BabyVLM: Data-Efficient Pretraining of VLMs Inspired by Infant Learning
Shengao Wang, Arjun Chandra, Aoming Liu, Venkatesh Saligrama, Boqing Gong
TL;DR
BabyVLM presents a developmentally inspired, data-efficient approach to pretraining vision-language models by combining a filtered SAYCam corpus with a synthetic child-directed dataset and a compact generative baseline. The framework introduces in-domain benchmarks that reflect early cognitive milestones and demonstrates that carefully curated, developmentally aligned data can yield robust baby-like representations with markedly improved data efficiency over general-purpose training. Ablation and analysis reveal that while synthetic data improves compositional reasoning and in-domain performance, generative models face challenges in full-sentence generation and broader generalization, highlighting the importance of data design and task alignment.

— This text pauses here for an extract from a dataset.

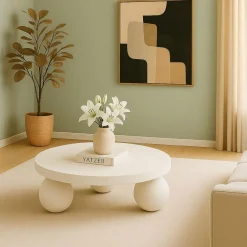 3S. x Home Table basse contemporaine design rond Bonnie texture minérale Blanc Online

Overall, BabyVLM offers a principled template for resource-efficient multimodal learning and provides actionable insights for aligning AI systems with developmental learning processes.
Abstract
Human infants rapidly develop visual reasoning skills from minimal input, suggesting that developmentally inspired pretraining could significantly enhance the efficiency of vision-language models (VLMs). Although recent efforts have leveraged infant-inspired datasets like SAYCam, existing evaluation benchmarks remain misaligned--they are either too simplistic, narrowly scoped, or tailored for large-scale pretrained models. Additionally, training exclusively on infant data overlooks the broader, diverse input from which infants naturally learn. To address these limitations, we propose BabyVLM, a novel framework comprising comprehensive in-domain evaluation benchmarks and a synthetic training dataset created via child-directed transformations of existing datasets. We demonstrate that VLMs trained with our synthetic dataset achieve superior performance on BabyVLM tasks compared to models trained solely on SAYCam or general-purpose data of the SAYCam size. BabyVLM thus provides a robust, developmentally aligned evaluation tool and illustrates how compact models trained on carefully curated data can generalize effectively, opening pathways toward data-efficient vision-language learning paradigms.